◆ What the task requires
The answer must be an exact copy of the lines from the one containing "The Go-Go Coffee Mug | Mazezy AU" through the end of the records, with the pictures left out.

++++++

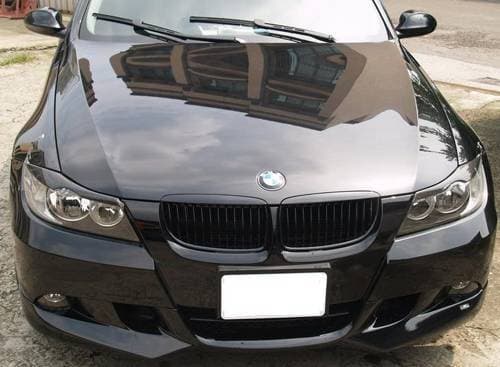AC E90 Body Kit - Plastic
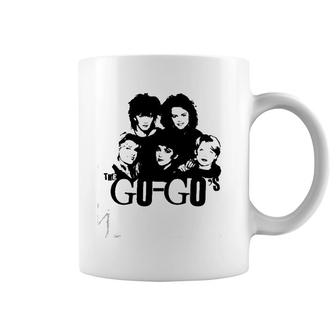 The Go-Go Coffee Mug | Mazezy AU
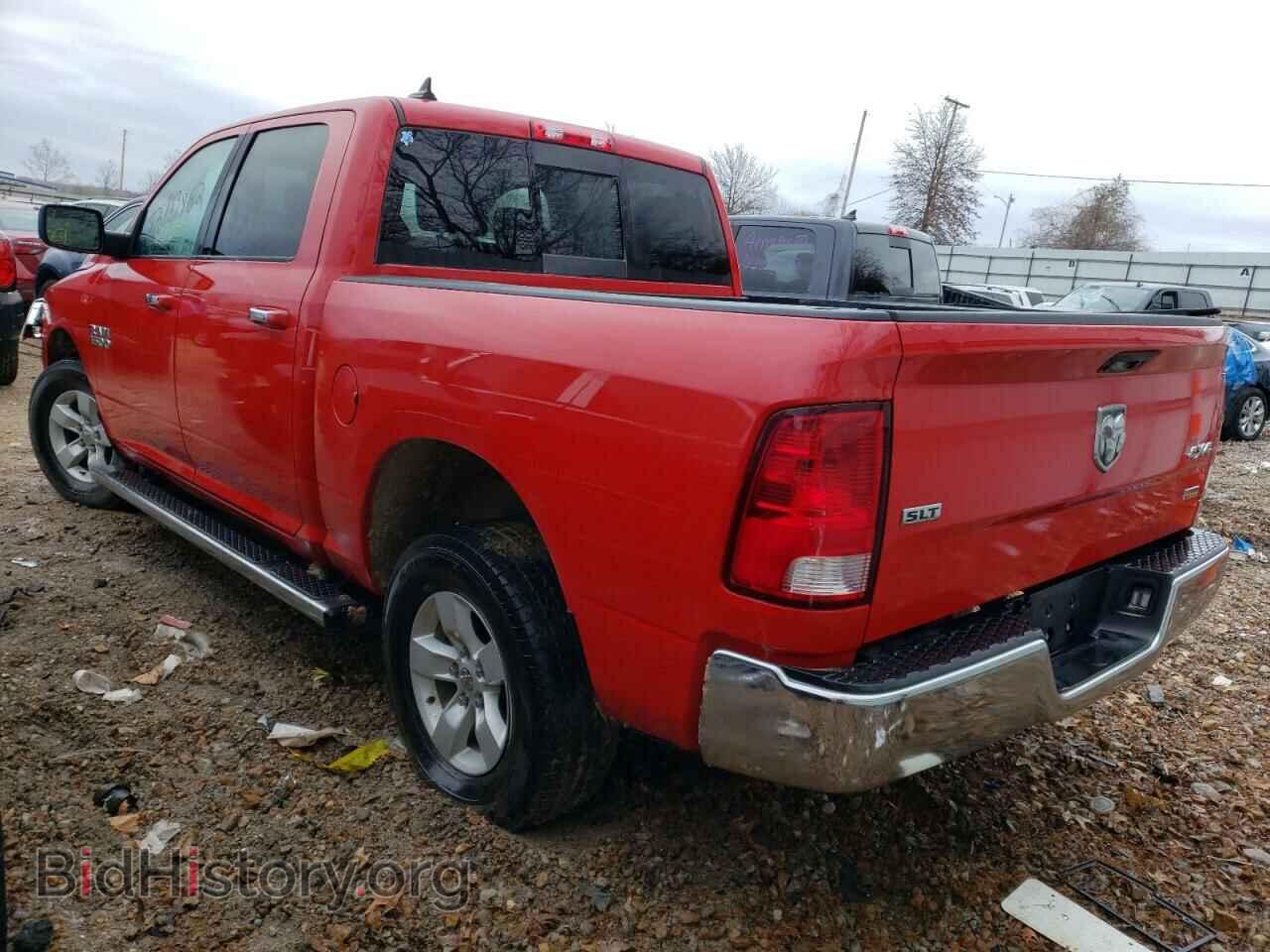 2018 RAM 1500 - VIN: 1C6RR7LG6JS337476 - Фото 2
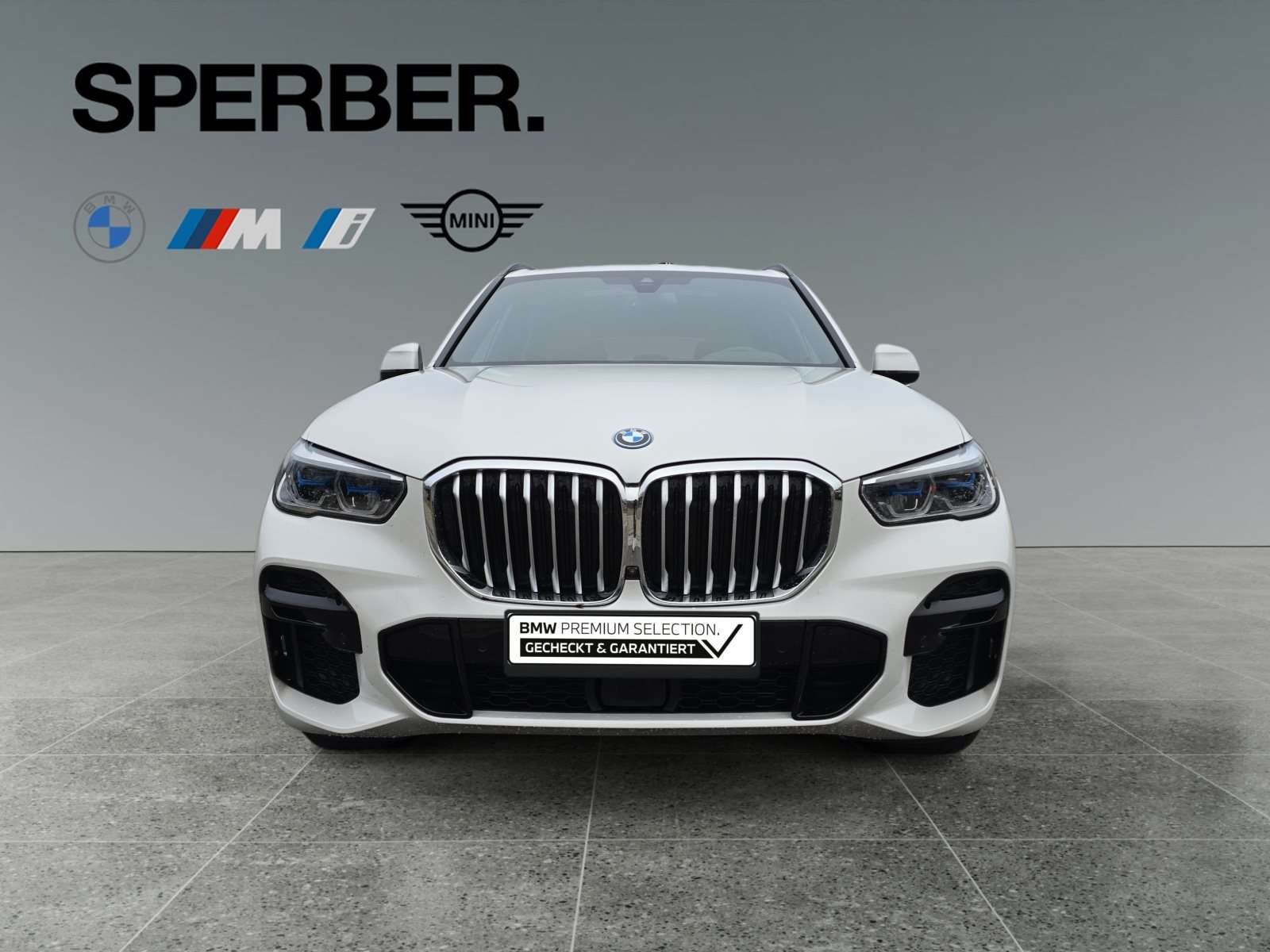 Fahrzeugbild eines BMW X5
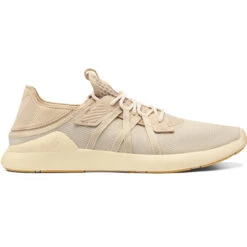 Olukai Men's Holo - Sand / Off White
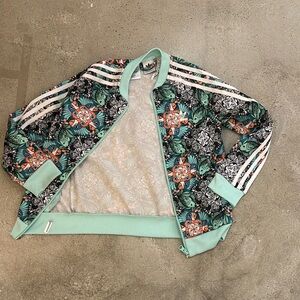 Like new Adidas zip up special edition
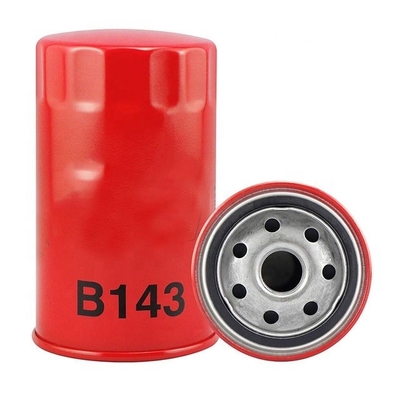 Hydwell B143 P550227 Spin-on Lube Oil Filter for Engine Parts Maintenance Replacement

++++++

◆ Exercise solution
 The Go-Go Coffee Mug | Mazezy AU
 2018 RAM 1500 - VIN: 1C6RR7LG6JS337476 - Фото 2
 Fahrzeugbild eines BMW X5
 Olukai Men's Holo - Sand / Off White
 Like new Adidas zip up special edition
 Hydwell B143 P550227 Spin-on Lube Oil Filter for Engine Parts Maintenance Replacement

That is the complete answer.